Молчание водворилось по нашей цепи. Из собственных локтей я соорудил подставку для колючего подбородка и равнодушно уставился на обреченную кумирню — там, мол, теперь все пойдет по расписанию: земля разразится неожиданно бьющими фонтанами взрывов, невозмутимо спокойный угол ближайшего здания отделится и сначала, полсекунды задумчиво, а потом стремительно обрушится и погребет под обломками двух-трех защитников, а то — целую семью… Мечущиеся с места на место фигуры, охрипшая команда — все это покроется ревом пожара, а поле за ним усеется бегущими серыми куртками… Мы будем стрелять им вдогонку — и так изо дня в день, пока… К черту «пока» — волонтер меньше всего думает о смерти…

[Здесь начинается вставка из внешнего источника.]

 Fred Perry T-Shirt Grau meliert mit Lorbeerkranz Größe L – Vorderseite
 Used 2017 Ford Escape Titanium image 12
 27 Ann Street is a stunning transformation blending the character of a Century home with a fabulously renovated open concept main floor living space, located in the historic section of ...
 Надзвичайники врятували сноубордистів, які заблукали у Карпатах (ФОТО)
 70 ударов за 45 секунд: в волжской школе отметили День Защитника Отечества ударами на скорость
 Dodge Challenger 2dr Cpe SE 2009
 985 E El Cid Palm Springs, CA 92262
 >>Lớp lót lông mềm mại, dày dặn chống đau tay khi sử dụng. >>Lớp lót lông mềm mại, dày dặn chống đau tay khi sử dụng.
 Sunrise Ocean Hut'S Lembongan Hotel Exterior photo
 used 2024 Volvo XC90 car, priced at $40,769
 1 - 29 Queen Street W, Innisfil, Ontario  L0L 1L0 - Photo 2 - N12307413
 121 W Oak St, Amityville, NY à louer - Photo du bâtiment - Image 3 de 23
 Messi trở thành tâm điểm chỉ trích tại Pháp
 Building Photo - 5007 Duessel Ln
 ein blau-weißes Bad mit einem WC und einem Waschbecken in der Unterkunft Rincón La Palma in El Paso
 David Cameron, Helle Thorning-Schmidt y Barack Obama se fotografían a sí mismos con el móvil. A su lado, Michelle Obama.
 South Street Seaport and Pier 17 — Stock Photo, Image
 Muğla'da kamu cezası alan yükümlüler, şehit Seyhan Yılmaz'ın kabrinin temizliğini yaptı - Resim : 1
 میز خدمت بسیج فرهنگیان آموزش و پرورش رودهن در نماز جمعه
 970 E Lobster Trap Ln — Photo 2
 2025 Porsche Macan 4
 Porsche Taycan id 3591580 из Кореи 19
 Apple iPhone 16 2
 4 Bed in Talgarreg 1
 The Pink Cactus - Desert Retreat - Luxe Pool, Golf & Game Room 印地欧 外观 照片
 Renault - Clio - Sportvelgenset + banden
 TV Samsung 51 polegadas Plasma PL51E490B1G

— Смотри, как перья летят! — крикнул мне Гржебин, указывая рукою на храм: с него роем слетели черепицы и в стене показалась брешь. — Каково-то богам, а?
Мне не понравилась злобность его замечания: разве смиренные лики Будд не являлись такими же страдательными лицами, как мирные поселяне, которым генеральские войны жарили прямо в загривок?.. Финал уже наступил. Осипшая глотка командира изрыгнула краткое приказание — наша цепь бегом пустилась к полуразрушенным зданиям. В неизбежной суматохе, которая неминуема в атаке и всегда вызывает презрение у истинного военного, ибо нарушает стройность шеренги, я и Гржебин неслись рядом, обуреваемые не кровожадностью, а единственным желанием — поскорее добраться до колодца.
И все-таки мы добежали далеко не первыми: муравейник тел копошился у колодца, стремительно припадая к туго сплетенной корзинке, заменяющей у китайцев христианскую бадью. Эти несколько минут задержки между томительным желанием и его осуществлением переполнили у Гржебина чашу терпения, кстати сказать, отличающуюся удивительно малыми размерами… Потоптавшись на месте, как баран перед новыми воротами, он вдруг разразился многоэтажной бранью.